Вдруг он разворачивается и продолжает идти. Я, естественно, — за ним.
— Да нет, мне интересно! — говорю я ему, и не лгу. Мне реально было интересно послушать про то, как человек становится оборотнем. — А как она обратила тебя? Укусила? Или резанула когтями?
Он вновь усмехается.
— Не то и не другое. Стать оборотнем непросто… и не у всех ликантропов есть такой дар — обращать в себеподобных. Вот у нее… у нее он был. А я… даже и не знаю, как это делается.
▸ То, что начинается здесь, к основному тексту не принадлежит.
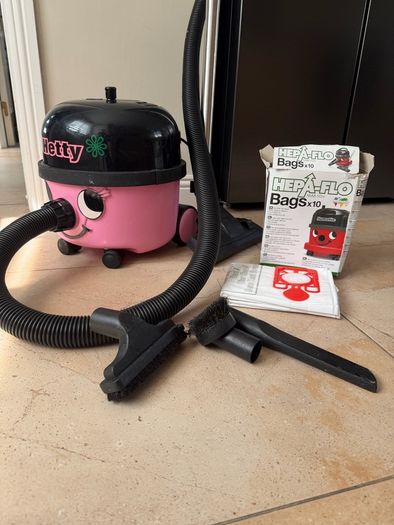 Hetty Hoover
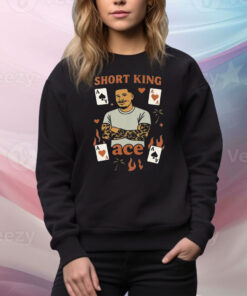 Love Island Season 7 Short King Ace Tee Shirt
— В смысле, ты не помнишь?
— Не-а, — честно признается он. — И никто из нас не помнит. Я спрашивал почти у всех, кого знал. И никто их них не помнил ни самого ритуала, ни того времени, когда ты превращаешься из человека в волка в первый раз. Последнее, что я помню — это ее поцелуй. И запах. У нее… был удивительный запах.
И некоторое время он просто стоял, вглядываясь куда-то вперед. Видимо, предавался воспоминаниям.
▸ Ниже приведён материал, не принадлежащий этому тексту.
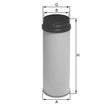 HP2694 Luftfilterelement (Sekundärelement)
— Ты часто слышишь его голос? — спрашивает он, прерывая эту умиротворенную тишину.
— Тени?
— Да, своего зверя.
— Слышу. Частенько.
— Пытается провоцировать тебя?
— Да, есть такое…
— Легко ему противостоишь?
— Ну… просто игнорирую…
— Но он зарождает у тебя зерно сомнений? Есть такое чувство, что он прав? Хочется следовать его указаниям? — охотник поворачивается ко мне, когда начинается задавать эти вопросы. И смотрит мне в глаза. Очень внимательно смотрит.
— Ну…
— Без «ну».
Я сглатываю.
— Есть немного, — даже не осознаю, как опускаю взгляд к земле.
— Даже если ты согласен с ним, не позволяй ему одерживать верх. Ты уже неплохо обучился управлять его силами. Теперь пытайся сохранять контроль. То, что из себя представляет эта хрень… это нечто темное. Очень темное. И… чистое. Оно выходит за рамки Системы.
Он словно окатывает меня холодной водой.
— Какой Системы?!
— Той, которая позволяет набрасывать очки на те или иные параметры. Как еще ты развивался, если не знал о ней?